### ASSIGNED TASK
From the data below, set down exactly the lines between the one holding "Johns Hopkins Blue" and the one holding "Frog Cat Cartoon Costumes Jumpsuits", inclusive, and no others.

### DATA FOR THE TASK
- - -

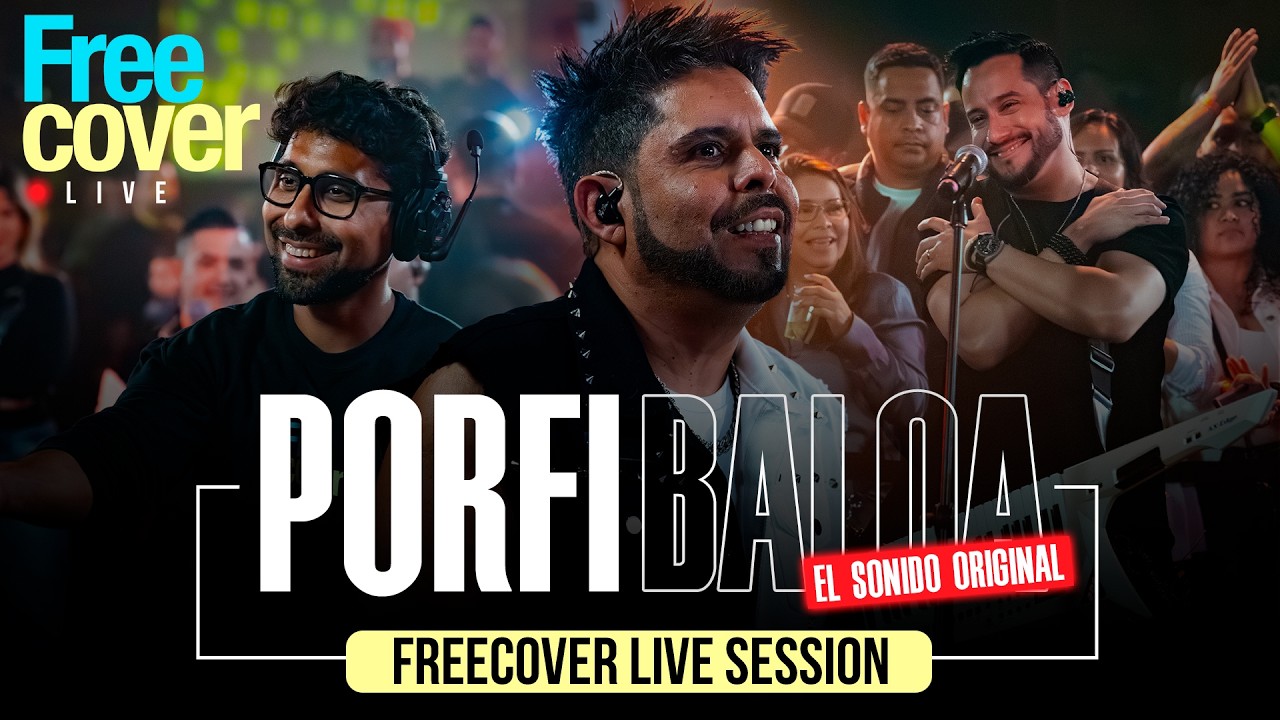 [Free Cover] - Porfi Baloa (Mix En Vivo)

- - -

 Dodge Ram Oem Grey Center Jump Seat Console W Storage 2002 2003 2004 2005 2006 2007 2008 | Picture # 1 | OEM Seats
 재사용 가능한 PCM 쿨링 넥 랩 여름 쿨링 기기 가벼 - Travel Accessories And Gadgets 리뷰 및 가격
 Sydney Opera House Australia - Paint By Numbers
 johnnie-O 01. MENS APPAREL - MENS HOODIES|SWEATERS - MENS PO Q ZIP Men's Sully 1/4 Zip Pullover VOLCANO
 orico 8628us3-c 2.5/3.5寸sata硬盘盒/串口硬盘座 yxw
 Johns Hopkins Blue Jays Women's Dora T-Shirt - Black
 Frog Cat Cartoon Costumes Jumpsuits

- - -

### RESPONSE
 Johns Hopkins Blue Jays Women's Dora T-Shirt - Black
 Frog Cat Cartoon Costumes Jumpsuits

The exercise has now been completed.